La cita tuvo lugar en Los Hornos, considerado el único restaurante ciento por ciento argentino de la zona. La convocatoria superó todas las previsiones y reunió entre 1.000 y 1.200 personas que llegaron desde distintos puntos de Estados Unidos y también directamente desde Argentina para acompañar al seleccionado campeón del mundo.

El local rápidamente quedó desbordado. El salón y el patio se llenaron en pocos minutos, mientras que gran parte de los asistentes ocupó el estacionamiento del complejo, convertido por unas horas en una verdadera tribuna argentina. Allí se mezclaron camisetas de clubes de todo el país, banderas, bombos y cánticos que recrearon el clima de una previa futbolera en cualquier estadio argentino.

La música acompañó la jornada desde temprano. Sonaron clásicos del rock nacional y, con el correr de las horas, los bombos tomaron protagonismo para dar paso a los tradicionales temas de cancha. “Muchachos”, “Soy argentino, es un sentimiento” y otros himnos futboleros fueron coreados por cientos de personas que comenzaron a darle color mundialista a la ciudad estadounidense.

La gastronomía también ocupó un lugar central.
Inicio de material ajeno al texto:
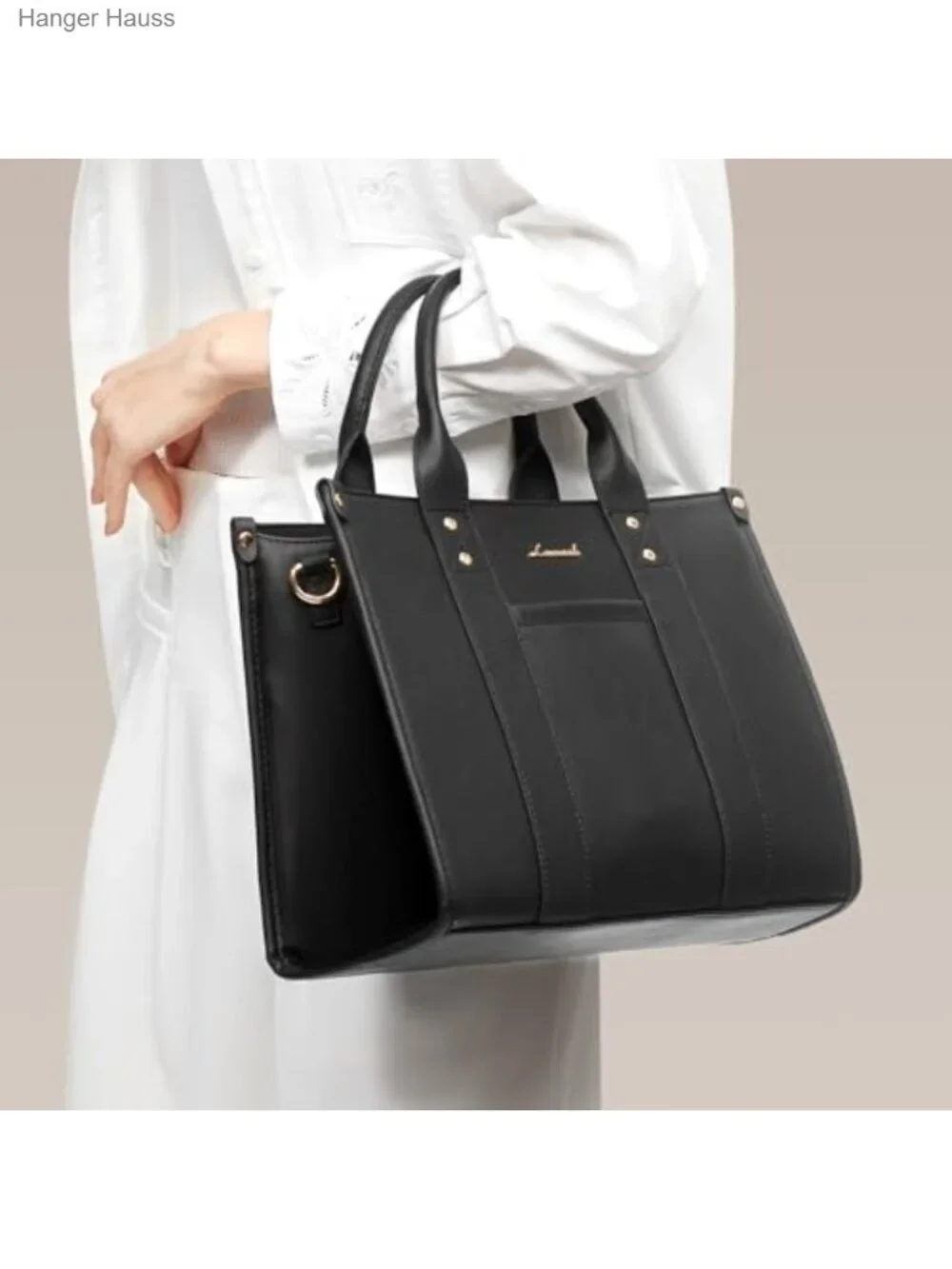 Women's Leather Satchel Tote Bag with Zipper - Work Bag Crossbody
Empanadas, choripanes, sánguches de milanesa y platos típicos argentinos salieron sin descanso desde la cocina. La demanda fue tan alta que en un momento el restaurante debió frenar temporalmente la recepción de nuevos pedidos para poder atender a todos los presentes.

Aunque la mayoría de los asistentes eran argentinos, la celebración también atrajo a simpatizantes de otros países sudamericanos y residentes de Kansas City que quisieron sumarse a la experiencia. Familias, grupos de amigos y viajeros compartieron una tarde marcada por la emoción, la música y la ilusión de volver a ver a la Scaloneta en una Copa del Mundo.

Lo que comenzó como una reunión de hinchas terminó convirtiéndose en una verdadera postal argentina en pleno corazón de Estados Unidos. Y tuvo un sello especial: el de un emprendimiento tucumano que, por unas horas, logró que Kansas City se sintiera un poco más cerca de casa.